**TASK REQUIREMENTS:**
Copy out the data below from the line containing "Living Room, w/" to the line containing "Patio at twilight", both lines included, with all images left out.

**SOURCE MATERIAL:**
╭──

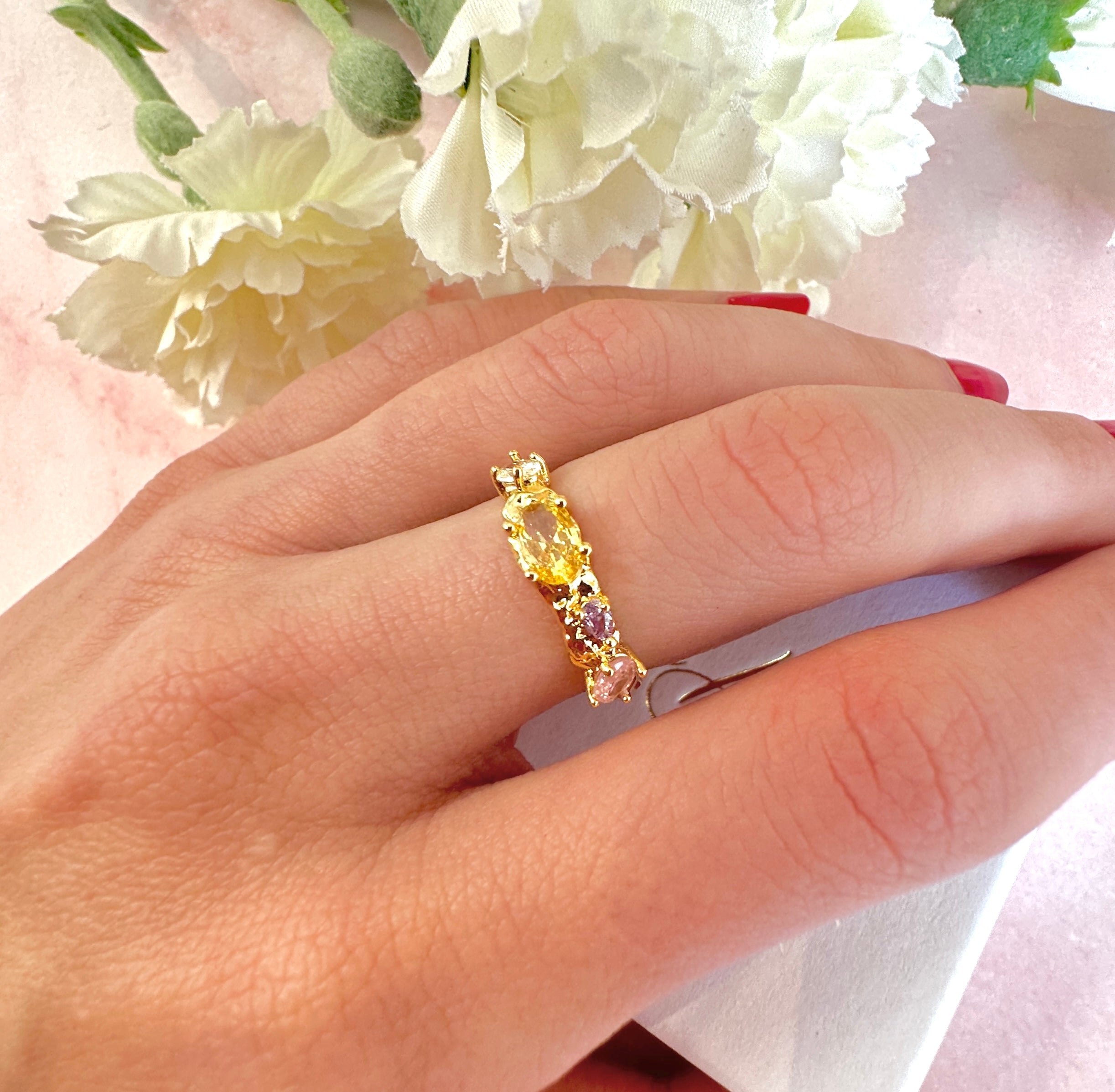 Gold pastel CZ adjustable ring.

╰──
╭──

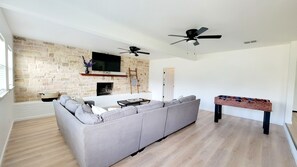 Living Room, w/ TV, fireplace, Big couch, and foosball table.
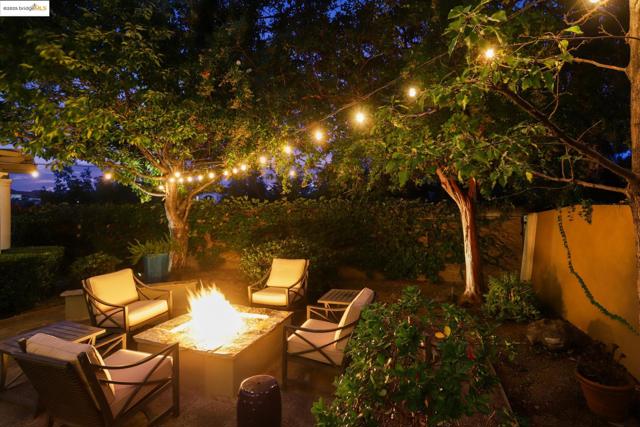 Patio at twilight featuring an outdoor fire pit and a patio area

╰──

**RESPONSE BOX:**
 Living Room, w/ TV, fireplace, Big couch, and foosball table.
 Patio at twilight featuring an outdoor fire pit and a patio area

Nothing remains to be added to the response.